その過程で、一度祖国からある意味で見捨てられた彼らが、自分たちの可能性にもう一度気が付けるような、そして社会の人々がそんな彼らの可能性に気が付けるような、そんな気がしてるの」

イタリアの路地裏とアパートのキッチンを往復し、ひたすら革で小物を作り続けた。自分が作った小物と型紙が、いつか、いずれかのかたちで、難民としてイタリアで暮らす女性たちの自立に役立つきっかけになればと思いながら。

そしていつかまた彼らが自らの意思で、祖国で家族と共に穏やかに暮らせる日々が戻ってくることを信じて。

しばらくしてイタリアで久しぶりに電車に乗った。

大都市へ向かう電車はどれも観光客でごった返している。

南から北へ向かう電車には、首にパスポートを引っさげ、国連から受け取ったのだろう水色のズタ袋一つで北上すアフリカからの難民でごった返していた。

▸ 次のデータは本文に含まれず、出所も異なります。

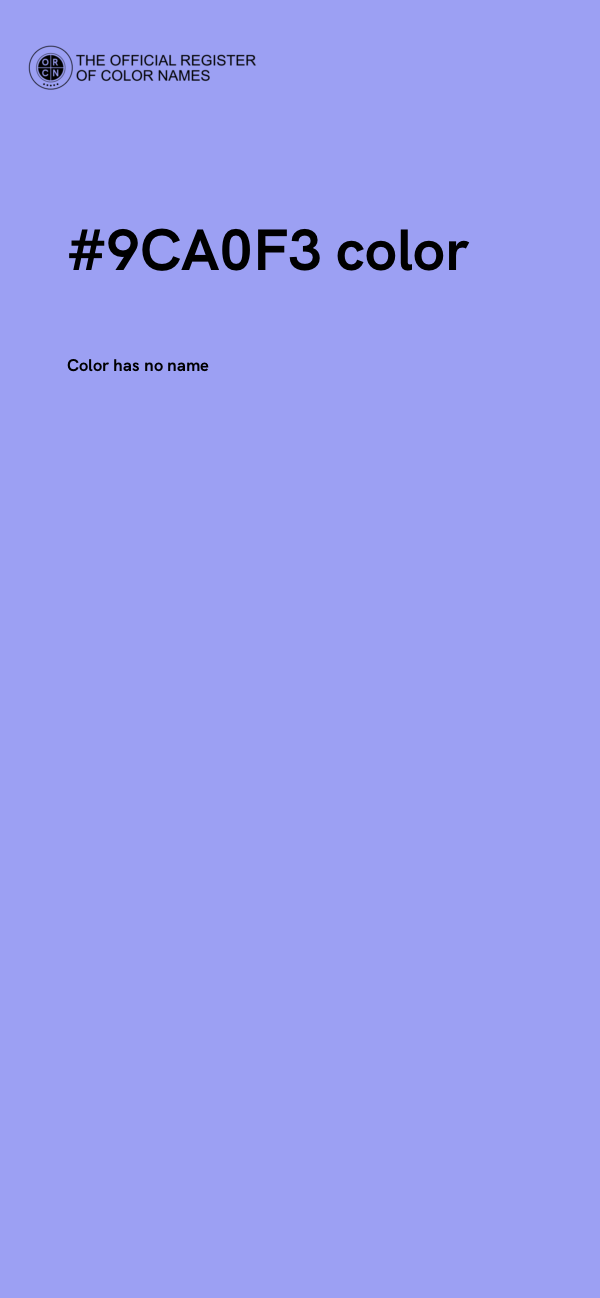 #9CA0F3 color image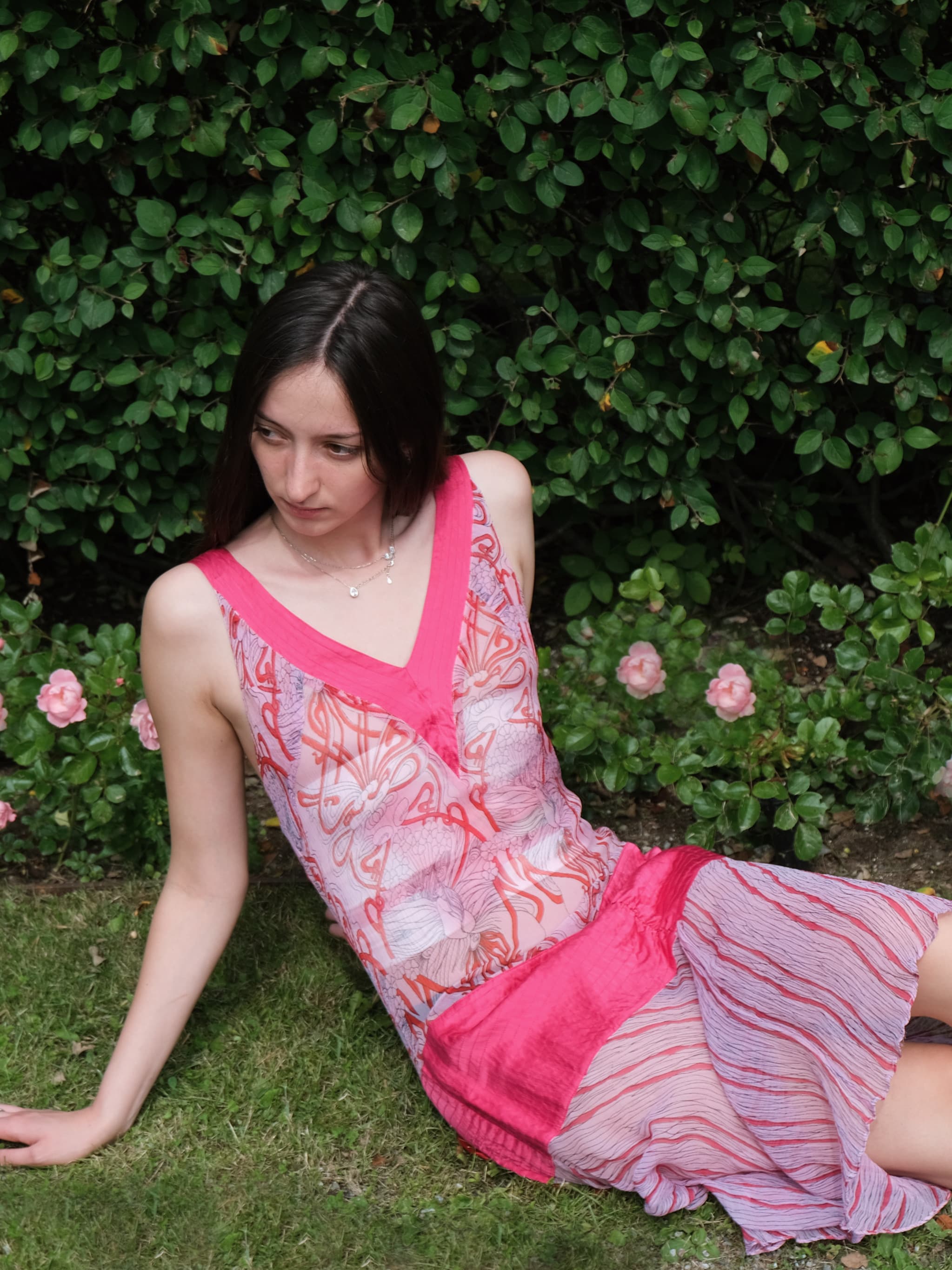 Vintage sheer silk dress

観光地にバケーションへ向かう観光客と、より良い待遇を求めて北上を続ける難民のコントラスト。悠々自適に旅を続ける自分の事を考えると、僕も完全なる観光客の一人だということはまぎれもない事実だった。

ぎゅうぎゅう詰めの電車が止まる駅は、どこも難民で溢れかえっており、その数に目眩がする。

肩を寄せ合って座る彼らはただひたすら窓から遠くを見つめていた。皆ひとことも発しなかった。

マリアの活動が、難民となった女性たちが、そしてその子供たちが、報われることがあるのだろうか。

空がオレンジに染まる頃、僕は一人電車を降りた。

名前の知らない街だったが、駅前の雰囲気が気に入った。

駅の周辺には大量の難民たちが次の電車を待ちながらたむろしていたが、不思議と危険には感じなかった。

もし自分が旅人ではなく、アフリカからの難民だったなら、言葉もわからず、お金もなかったら、一人の知り合いもいないとしたら、僕には何ができるのだろうか。

夜中そんなことを考えながら、線路の茂みで寝袋に包まれながら眠りについた。